The kitchen can be the best part of any home — a gathering place for family and friends, and the site of fantastic culinary expression.
And it is also one of the most dangerous rooms in the house.
Cooking is the leading cause of home fires, causing 44 percent of all fires in the home. In 2011 — the most recent statistics available — cooking was involved in about 156,300 home fires in the United States, resulting in 470 deaths, 5,390 injuries and $1 billion in property damage, according to the National Fire Protection Association.
Tucson is keeping pace with national statistics, according to local fire fighting agencies. To help reduce potentially deadly incidents, fire departments across the nation are focusing on reducing kitchen fires during fire prevention month, which takes place in October.
The best advice for preventing kitchen fires?
“Never abandon food that’s cooking,” said Captain Adam Goldberg, spokesperson for Northwest Fire District.
“We respond to a number of food-on-the-stove incidents where neighbors, especially in apartment complexes, hear an alarm, smell smoke and even see smoke coming from the doorway of a neighbor and we’ll find a pot cooking on the stove,” he said.
Pinto beans are a common cause of kitchen fires in Tucson. “They need to simmer all day, and if the water evaporates, the beans burn and a fire can ensue,” Goldberg said. He suggests cooking beans in a Crock Pot.
Cooking oil is another common — and potentially deadly — cause of a kitchen fire. It can take just a moment away from the stove for a fire to start, said Captain Barrett Baker, spokesperson for the Tucson Fire Department.
“You cannot step away from heating oil,” Baker said. “It’s like watching children around swimming pools. So often with a kitchen fire, somebody leaves and they might be planning on being gone for 30 seconds and they are gone for five minutes and their kitchen is on fire.”
An oil fire can turn into a fire ball, which burns cabinets and can spread quickly.
Moving a flaming pan off the burner can also cause serious injuries. Keep a lid and oven mitts close by — but not on the actual stovetop — and if a fire starts, remove the pan from the heat using the mitts and cover the flames with a lid, Baker said.
Never spray water on an oil fire. It will only make the situation worse.
Pay attention to what is near your stove, said Captain Grant Cesarek, spokesperson for Rural/Metro Fire Department.

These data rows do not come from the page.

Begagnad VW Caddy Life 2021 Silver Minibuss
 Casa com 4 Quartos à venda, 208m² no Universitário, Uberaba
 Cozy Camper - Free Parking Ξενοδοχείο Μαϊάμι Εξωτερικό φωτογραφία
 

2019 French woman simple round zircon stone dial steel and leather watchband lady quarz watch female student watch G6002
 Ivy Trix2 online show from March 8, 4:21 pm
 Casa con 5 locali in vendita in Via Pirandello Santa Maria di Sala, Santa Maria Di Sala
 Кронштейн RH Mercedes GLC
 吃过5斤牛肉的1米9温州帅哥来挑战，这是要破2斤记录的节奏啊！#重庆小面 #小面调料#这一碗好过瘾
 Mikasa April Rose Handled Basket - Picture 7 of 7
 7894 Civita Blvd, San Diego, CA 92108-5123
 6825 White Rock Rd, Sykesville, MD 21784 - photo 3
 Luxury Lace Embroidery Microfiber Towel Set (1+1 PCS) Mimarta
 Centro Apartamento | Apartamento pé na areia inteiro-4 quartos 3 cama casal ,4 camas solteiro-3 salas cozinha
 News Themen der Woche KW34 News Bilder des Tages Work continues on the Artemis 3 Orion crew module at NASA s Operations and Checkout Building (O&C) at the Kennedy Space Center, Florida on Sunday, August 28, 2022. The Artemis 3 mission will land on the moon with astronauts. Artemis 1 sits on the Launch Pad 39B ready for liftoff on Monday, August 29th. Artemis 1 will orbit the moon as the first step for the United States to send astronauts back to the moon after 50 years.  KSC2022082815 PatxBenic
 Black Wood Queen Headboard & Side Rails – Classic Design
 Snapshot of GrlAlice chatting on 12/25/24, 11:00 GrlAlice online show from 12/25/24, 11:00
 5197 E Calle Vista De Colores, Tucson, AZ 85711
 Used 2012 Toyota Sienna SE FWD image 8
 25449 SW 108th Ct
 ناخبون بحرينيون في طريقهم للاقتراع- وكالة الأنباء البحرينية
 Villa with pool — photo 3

“That towel hanging on the bar of your oven — did you use it to clean up a bit of olive oil, which makes it flammable? Is the cabinet above your microwave stacked with chemicals or cooking oils and other flammable objects? A small fire that works its way up the wall can end up a major fire if you give it more fuel,” Cesarek said.
An investment in two fire extinguishers — one for the kitchen and one for the garage — can go a long way in preventing a house fire.